最小二乗法
年齢と血圧の様な2つの変数$x_i,y_i \ (i = 1,2, \cdots ,n)$ があり
$$y_i = ax_i + b$$
の様な関係がある場合、最も最適な直線の引き方は
$$ L=\displaystyle \sum_{i=1}^n [y_i - (ax_i + b)]^2$$
を最小にする $a,b$ を決める事
$L$ を $a$ と $b$ の2次関数とみなし偏微分する事で求める
\begin{align}
L & = \displaystyle \sum_{i=1}^n [y_i - (ax_i + b)]^2 \\
& = \displaystyle \sum_{i=1}^n [y_i^2 - 2y_i(ax_i + b) + (ax_i + b)^2 ] \\
& = \displaystyle \sum_{i=1}^n [y_i^2 - 2y_i(ax_i + b) + a^2x_i^2 + 2abx_i + b^2 ] \\
& = \displaystyle \sum_{i=1}^n y_i^2 + \displaystyle \sum_{i=1}^n [ -2y_i(ax_i + b) + a^2x_i^2 + 2abx_i + b^2 ]
\end{align}
なので
\begin{align}
\frac{ \partial L }{ \partial a } & = \displaystyle \sum_{i=1}^n ( -2y_ix_i + 2ax_i^2 + 2bx_i ) \\
& = - 2\displaystyle \sum_{i=1}^n y_ix_i + 2a \displaystyle \sum_{i=1}^n x_i^2 + 2b \displaystyle \sum_{i=1}^n x_i = 0 \qquad \cdots (1) \\\\[1pt]
\frac{ \partial L }{ \partial b } &= \displaystyle \sum_{i=1}^n ( -2y_i + 2ax_i +2b)= 0 \\
&= - 2\displaystyle \sum_{i=1}^n y_i +2a\displaystyle \sum_{i=1}^n x_i + 2nb = 0 \qquad \cdots (2)
\end{align}
なので
\begin{align}
\left\{
\begin{array}{l}
a\displaystyle \sum_{i=1}^n x_i^2 + b\displaystyle \sum_{i=1}^n x_i = \displaystyle \sum_{i=1}^n y_ix_i \qquad \cdots (1)' \\
a\displaystyle \sum_{i=1}^n x_i +nb = \displaystyle \sum_{i=1}^n y_i \qquad \cdots (2)'
\end{array}
\right.
\end{align}
$(2)' $ より
\begin{align}
b &= \frac{1}{n}\displaystyle \sum_{i=1}^n y_i - \frac{a}{n} \displaystyle \sum_{i=1}^n x_i \\\\[1pt]

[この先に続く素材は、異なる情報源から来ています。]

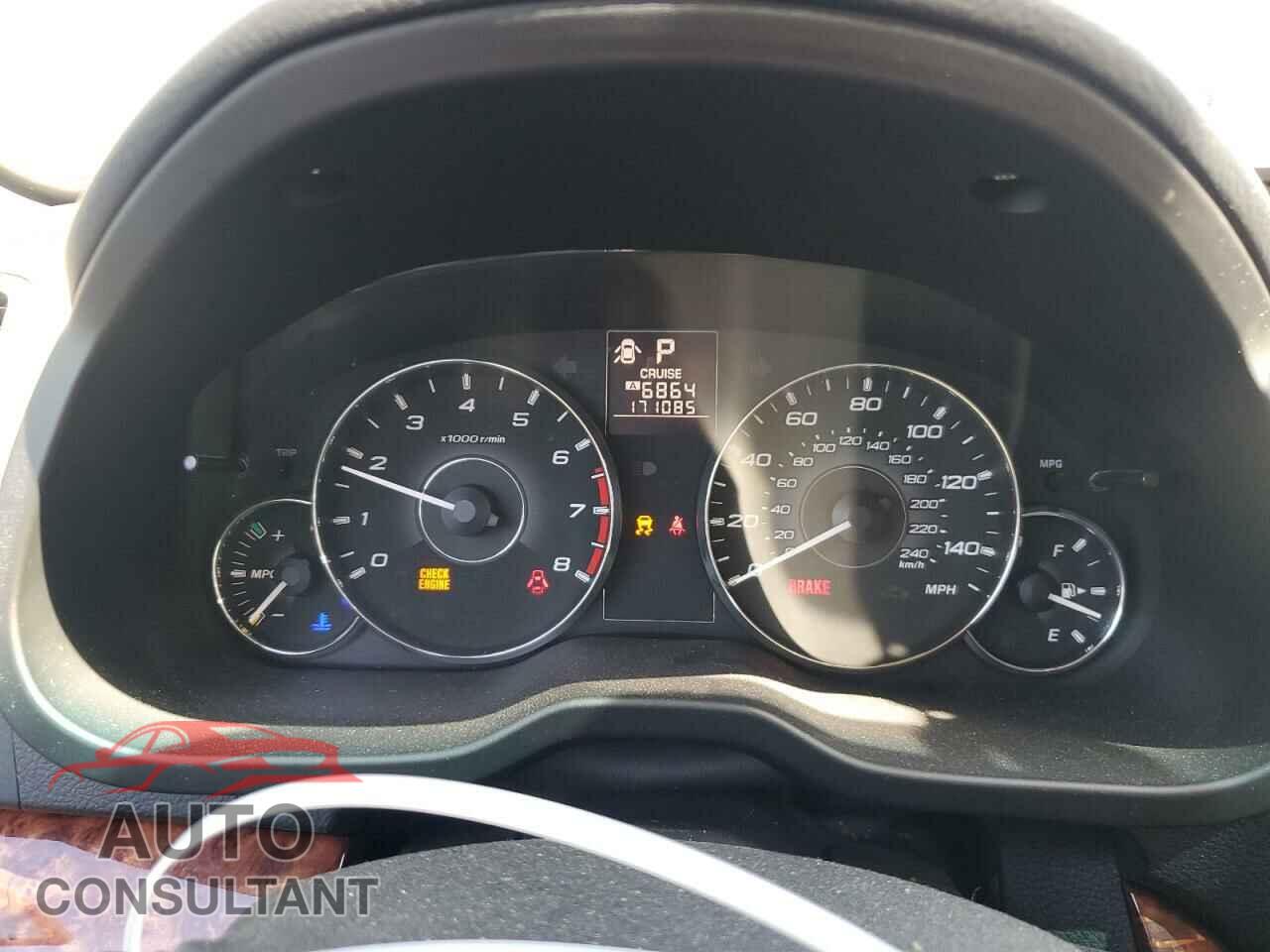 SUBARU OUTBACK 2011 - 4S4BRBKC6B3345659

&= \overline{y} - a\overline{x} \qquad \cdots (2)''
\end{align}
$(2)'' $ を$(1)'$ に代入し
\begin{align}
a\displaystyle \sum_{i=1}^n x_i^2 + (\overline{y} - a\overline{x})\displaystyle \sum_{i=1}^n x_i = \displaystyle \sum_{i=1}^n y_ix_i \\\\[1pt]

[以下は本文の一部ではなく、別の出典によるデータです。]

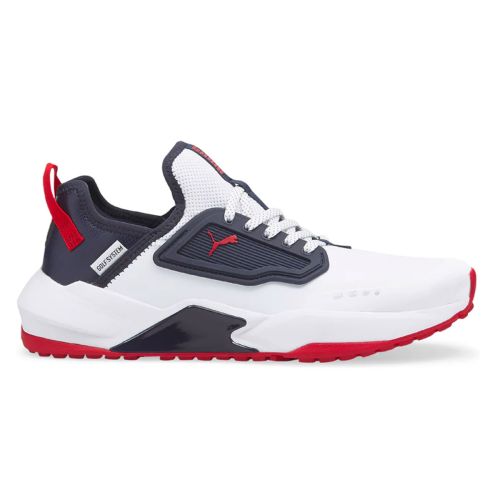 Puma Men's GS.One Golf Shoes - White/Navy Blazer/Ski Patrol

a\displaystyle \sum_{i=1}^n x_i^2 + \overline{y}\displaystyle \sum_{i=1}^n x_i - a\overline{x}\displaystyle \sum_{i=1}^n x_i = \displaystyle \sum_{i=1}^n y_ix_i \\\\[1pt]
a\displaystyle \sum_{i=1}^n x_i^2 + \overline{y}\displaystyle \sum_{i=1}^n x_i - an\overline{x}\frac{1}{n}\displaystyle \sum_{i=1}^n x_i = \displaystyle \sum_{i=1}^n y_ix_i \\\\[1pt]

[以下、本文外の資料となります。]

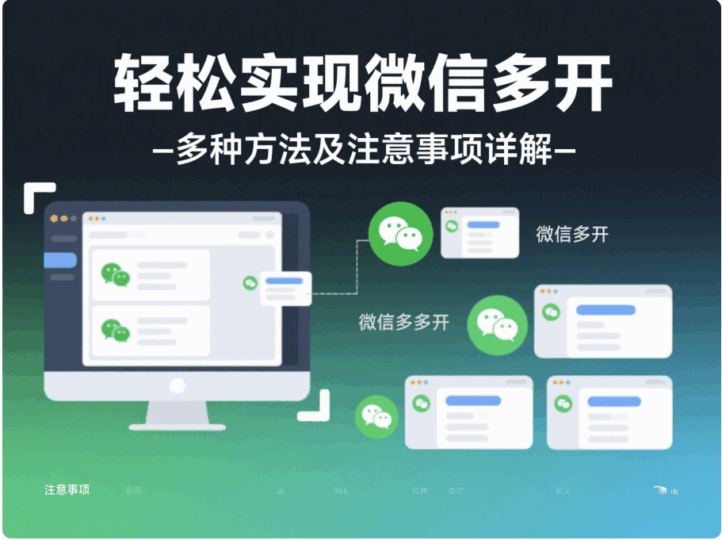 轻松实现微信多开：多种方法及注意事项详解-资源网站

a[ \displaystyle \sum_{i=1}^n x_i^2 -n\overline{x}^2] + \overline{y}\displaystyle \sum_{i=1}^n x_i = \displaystyle \sum_{i=1}^n y_ix_i
\end{align}
故に
\begin{align}
a &= \frac{\displaystyle \sum_{i=1}^n y_ix_i - \overline{y}\displaystyle \sum_{i=1}^n x_i }{\displaystyle \sum_{i=1}^n x_i^2 -n\overline{x}^2} \\\\[1pt]
&= \frac{\displaystyle \sum_{i=1}^n y_ix_i - n \overline{y} \cdot \overline{x}}
{\displaystyle \sum_{i=1}^n x_i^2 -n\overline{x}^2} \qquad \cdots (1)''
\end{align}
もう一度まとめると $y_i = ax_i + b$ を最適化する $a,b$ は
\begin{align}
\left\{
\begin{array}{l}
a = \frac{\displaystyle \sum_{i=1}^n y_ix_i - n \overline{y} \cdot \overline{x}}
{\displaystyle \sum_{i=1}^n x_i^2 -n\overline{x}^2} \qquad \cdots (1)'' \\\\[1pt]
b = \overline{y} - a\overline{x} \qquad \cdots (2)''
\end{array}
\right.
\end{align}
であり、点$(\overline{x},\overline{y})$ を通る、傾き$b$の直線
$$y - \overline{y} = b(x- \overline{x})$$
と表現できる